Waar erkent wordt dat ze in het verleden vaak langs elkaar geleefd hebben, zich verootmoedigen en verklaren elkaar blijvend te zullen zoeken in het vertrouwen op de liefde van de levende God, Vader, Zoon en Heilige Geest. https://www.nationalesynode.nl/verklaring/. In de Verklaring van Verbondenheid is te weinig oog voor de geschiedenis, meent Wim van Vlastuin van het Hersteld Hervormd Seminarie, m.i. terecht! De verklaring bevat ‘een tuttifrutti aan opvattingen die niet katholiek (algemeen christelijk) is’. Van Vlastuin zei ‘grote verlegenheid’ te voelen met de huidige ontwikkeling van toenadering tussen kerkgemeenschappen in Nederland, omdat die volgens hem de band met de geschiedenis doorsnijdt. De ondertekening op 29 mei bij de slotdag van de Nationale Synode slaagt er niet in ‘om de katholiciteit zo vorm te geven dat er één kerk ontstaat’, stelde Van Vlastuin. Tegelijk roemde hij de Dordtse belijdenis als ‘voorbeeld hoe we vandaag de dag met grote verschillen zouden kunnen omgaan’.

Dus hoe gelukkig of juist ongemakkelijk moeten we ons voelen door de herdenking van 400 jaar Dordtse Synode aan te grijpen voor een Verklaring van Verbondenheid, zonder een historische inbedding of duiding van onze Vaderlandse geschiedenis?
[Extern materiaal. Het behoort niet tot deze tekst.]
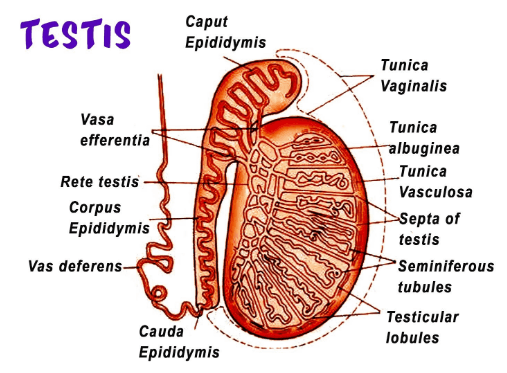 Structure of Testis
Zeker als Verenigde Pinkster- en Evangeliekerken zijn wij in dit geheel een Fremdkörper of nieuwkomer. Wij kwamen middels het overwaaien van de Evangelische Alliantie uit Engeland en de opwekking in Wales resp. pas halverwege de 19e en begin 20e eeuw kijken en zien ons nadrukkelijk eerder als congregationalistisch dan presbyteriaans, laat staan episcopaal, hoewel wij inmiddels wel een stevig debat hebben gevoerd over apostolisch en koninklijk leiderschap en daar ook niet zonder kleerscheuren uit zijn gekomen.
Als kerkgenootschap maken wij relatief pas kort deel uit van die Vaderlandse geschiedenis en verhouden wij ons daar niet zo best mee, gesteld dat we al een band hebben en dat nodig vinden. Want kritiek op die Vaderlandsche kerk, is er vanaf het begin steeds geweest. Hoewel Vaderlandsch? In feit vond de Kerk zijn oorsprong als resultaat van de Reformatie van Calvijn in de vluchtelingenkerken in het buitenland (denk aan de geloofsbelijdenis die Guido de Brès in november 1561 over de muur bij de landvoogdes voor de Nederlanden, Margaretha van Parma, gooide in de hoop haar en koning Filips II van het grootste Habsburgse Rijk ooit, te overtuigen dat de protestanten niet zo waren als de Wederdopers en opstandelingen in Münster en dat ‘de overheid’ dus niets van hen te vrezen had. Protestanten werden overigens pas zo genoemd vanaf de Rijksdag in Spiers in 1529 – niet vanwege protest tegen Rome, zelfs niet tegen de theologie van de oude kerk, maar tegen de politieke beslissing daar in Zuid-Duitsland, toen de eerder verleende godsdienstvrijheid werd teruggedraaid.
Denk ook aan de catechismus uit Heidelberg met een voorwoord van keurvorst Frederik III van de Palts. Denk aan het Convent van Wezel net over de grens bij Winterswijk (Dathenus) waar wordt besloten dat de psalmberijming van Datheen in het vervolg in de Nederlandse kerken zal worden gezongen!
Denk aan de synode te Emden in 1571, die plaats vond voor dat in juli 1572 in de Augustijnenkerk in Dordrecht de eerste hervormde kerkdienst belegd werd, terwijl in diezelfde maand (19 t/m 23 juli) in de refter (eetzaal) van het klooster de eerste Vrije Statenvergadering plaatsvond onder leiding van Marnix, heer van Sint Aldegonde, die in datzelfde jaar waarschijnlijk ons onvolprezen Wilhelmus heeft geschreven.
Ik noem deze data bewust, omdat zoals het mij vergaat het vast ook u zal doen, dat wij tot onze schade die geschiedenis niet of nauwelijks meekrijgen, laat staan weten te reproduceren. En als er iets is dat wij kunnen leren van onze joodse broeders, dan is dat het belang van herdenken!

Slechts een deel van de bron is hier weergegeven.